2.2 Das Berufungsgericht hat das Urteil des Erstgerichts wegen seines Erachtens fehlender Feststellungen zur Schadenshöhe aufgehoben und dem Erstgericht eine neuerliche Entscheidung nach Verfahrensergänzung aufgetragen. Es hat diesen Entscheidungswillen nicht nur im Spruch, sondern auch in den Gründen seiner Entscheidung unmissverständlich zum Ausdruck gebracht. Die „richtige Entscheidungsform“ dafür ist gemäß § 499 Abs 1 ZPO aber der Beschluss, das dagegen zulässige Rechtsmittel daher der Rekurs (RS0040285 [T3]).

2.3 Soweit das Berufungsgericht das erstgerichtliche Urteil aufgehoben und dem Gericht erster Instanz eine neuerliche, nach Ergänzung des Verfahrens zu fällende Entscheidung aufgetragen hat, ist gemäß § 519 Abs 1 Z 2 ZPO der Rekurs an den Obersten Gerichtshof nur zulässig, wenn das Berufungsgericht dies ausgesprochen hat. Einen solchen Ausspruch enthält die Entscheidung des Berufungsgerichts nicht.

2.4 Das Berufungsgericht hat daher zutreffend den Antrag nach § 508 Abs 1 ZPO und die ordentliche Revision zurückgewiesen, weil beide gegen Aufhebungsbeschlüsse des Berufungsgerichts nicht zulässig sind.

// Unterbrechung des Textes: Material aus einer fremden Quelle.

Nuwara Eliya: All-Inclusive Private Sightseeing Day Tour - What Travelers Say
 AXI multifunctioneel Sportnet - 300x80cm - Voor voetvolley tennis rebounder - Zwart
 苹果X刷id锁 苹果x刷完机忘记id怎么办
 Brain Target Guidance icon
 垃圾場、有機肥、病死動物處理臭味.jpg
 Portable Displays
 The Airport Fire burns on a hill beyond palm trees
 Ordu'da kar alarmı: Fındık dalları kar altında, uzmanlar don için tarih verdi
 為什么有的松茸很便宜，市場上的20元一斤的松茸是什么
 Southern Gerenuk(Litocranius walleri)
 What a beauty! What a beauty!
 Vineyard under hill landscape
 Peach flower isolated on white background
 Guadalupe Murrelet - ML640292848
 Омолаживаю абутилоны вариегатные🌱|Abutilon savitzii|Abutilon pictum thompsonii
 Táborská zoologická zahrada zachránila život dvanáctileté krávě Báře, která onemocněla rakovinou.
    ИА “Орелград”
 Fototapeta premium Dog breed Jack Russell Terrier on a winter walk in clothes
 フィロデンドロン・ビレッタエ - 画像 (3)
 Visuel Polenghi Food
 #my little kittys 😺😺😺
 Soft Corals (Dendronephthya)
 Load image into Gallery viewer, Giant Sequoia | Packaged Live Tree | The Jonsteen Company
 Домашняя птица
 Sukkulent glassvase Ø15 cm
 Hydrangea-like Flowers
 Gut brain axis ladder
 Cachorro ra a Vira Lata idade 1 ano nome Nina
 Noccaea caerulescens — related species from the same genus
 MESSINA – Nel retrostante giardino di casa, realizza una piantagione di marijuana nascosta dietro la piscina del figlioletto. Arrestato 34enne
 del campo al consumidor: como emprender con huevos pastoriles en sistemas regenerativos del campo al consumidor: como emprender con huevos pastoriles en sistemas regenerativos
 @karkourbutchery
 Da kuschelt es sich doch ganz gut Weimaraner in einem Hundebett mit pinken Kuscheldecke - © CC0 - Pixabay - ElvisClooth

Auch eine Umdeutung des Rechtsmittels in einen Rekurs würde daran nichts ändern, weil ein solcher, mangels Zulässigkeitsausspruchs, ebenfalls unzulässig wäre.

3. Der in Urteilsform abgefasste Beschluss des Berufungsgerichts wurde zu Recht berichtigt:

Nach Spruch und Begründung der Entscheidung kann nicht zweifelhaft sein, dass es sich dabei um einen Beschluss handelt. Diese offenbare Unrichtigkeit war gemäß §§ 430, 419 ZPO einer Berichtigung zugänglich (3 Ob 55/18m; 2 Ob 262/05a).

4. Dem unberechtigten Rekurs ist somit ein Erfolg zu versagen.

5. Die Kostenentscheidung gründet sich auf § 50 iVm § 41 Abs 1 ZPO.